The good in question could be any private good. I have chosen insurance as an example, but only minor changes are needed to capture the essence for other commodities, e.g. health care, pensions or education. The Von Neuman-Morgenstern utility function is a quasi-concave utility function, strictly quasi-concave in the presence of risk aversion, while the role of the coefficient of relative risk aversion is filled by the elasticity of substitution.
That the welfare state is a collective supplier implies that the scope of the welfare state, i.e. the amount of goods supplied, is collectively decided through political channels. Given that people are different, some may be dissatisfied with this amount. Some may find it too extensive, some may find it insufficient. I apply median voter theories for the analysis of the support of the welfare state.
I assume that people vote strictly according to self-interests. It is possible to allow for some degree of altruism, as done in Moene and Wallerstein (1999).
The welfare state described here, is only a social insurance system, with the government as a non-profit insurance agency. The scope of the welfare state (i.e. the tax rate) is assumed to be decided through political competition. The decisive voter is the median voter and the realised tax rate is the one that the median voter favours. The median voter is not necessarily the median income earner. This is shown in section four. An introduction of a private alternative may create a means-against-ends situation.
What are the effects of allowing for an optional additional private insurance on the scope of social insurance? I use social insurance as the term for the insurance supplied by the government and private insurance as the term for insurance supplied by the private insurance company. It is easy to conclude that private insurance can never hurt someone as long as it is optional. This is not straightforward however. An introduction of a private insurance may very well affect the preferences towards the social insurance for some groups of the population, and thereby affect the scope of the social insurance as well. This may imply a welfare loss for other groups.

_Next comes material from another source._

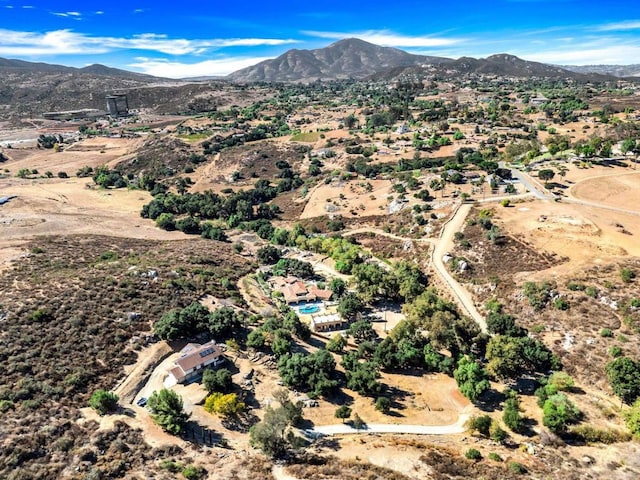 aerial view with a mountain view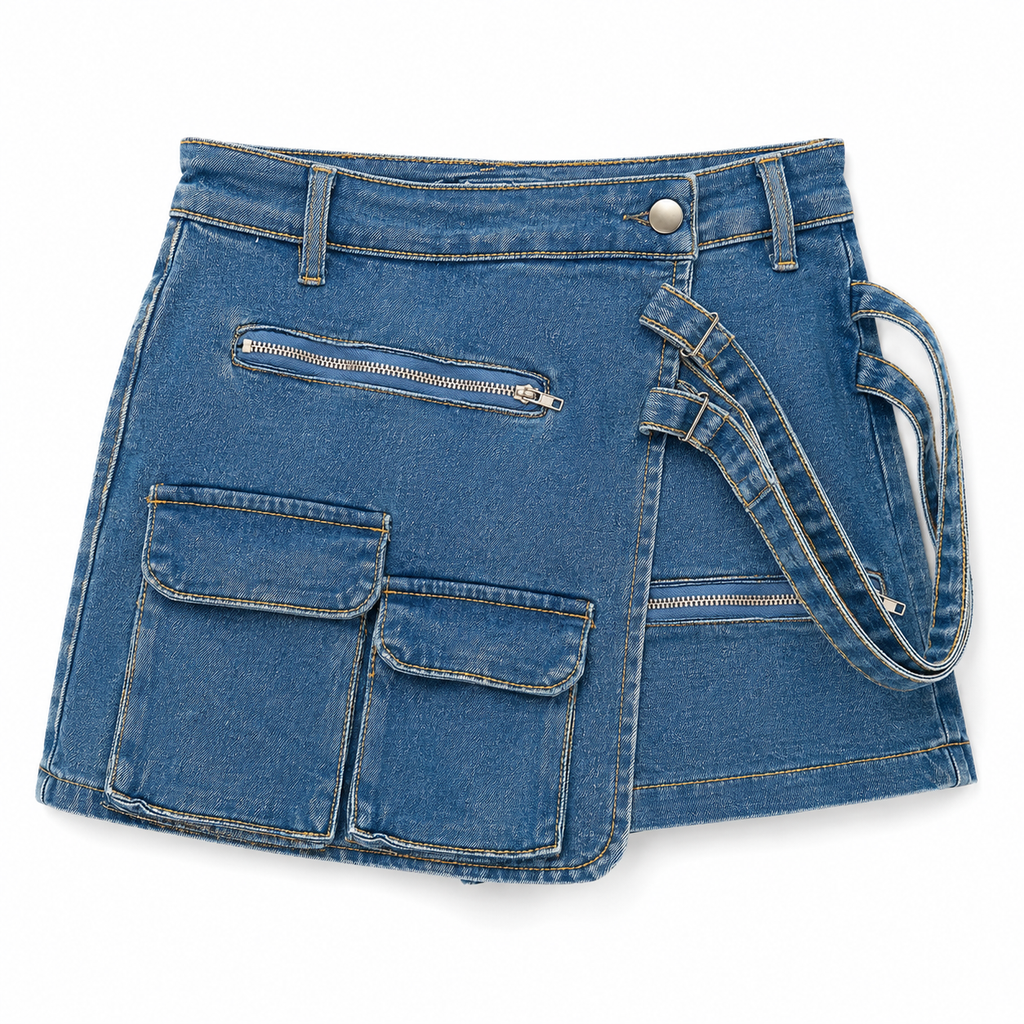 Falda Corta Denim Cargo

There are several major differences between having the good supplied by the government in the above mentioned manner or by a private firm:
- While the amount of goods is socially decided through a political process in the public scheme, the amount is individually decided in the private scheme. The former promotes equality, while the latter promotes individual choice.
- If the consumption of the publicly supplied good is equal for all, and thereby unrelated to the amount of tax paid, the public scheme works in a redistributive manner, with consumption being more costly to the ones paying high taxes. In the private scheme there are no such aspects, with everyone paying the same price.
- With a tax financed public supply, there might be some dead-weight costs, which may increase with the supply. There are no dead-weight costs associated with private supply, but there may be rents, or profits, and other costs.
I do not consider informational aspects. Blomquist and Christiansen (1995) investigate how public supply of a private good may weaken the information constraints of non-linear taxation. I comment only very briefly on information aspects, even though there are many insights to be found here.
There may be reasons for wanting a mix of a public and a private supply. We may want to limit the dead-weight costs of taxation or allow for more individual freedom in the consumption of the good in question. However, an introduction of a private supplement to the social scheme may have effects on the preferences of the population and through this have effects on the amount of the public supply. This may have undesired equality and redistribution effects.
The private supply may be more desirable for some parts of the population than for other parts. If the amount of consumption is unrelated to tax payments in the collective scheme, the higher-than-average taxpayers are subsidising the lower-than-average taxpayers in the public system. Thus it may be preferable for some parts of the population to reduce the public part of the mix. If individuals are voting in accordance with their self-interests, this may effect the realised mix of the supply scheme.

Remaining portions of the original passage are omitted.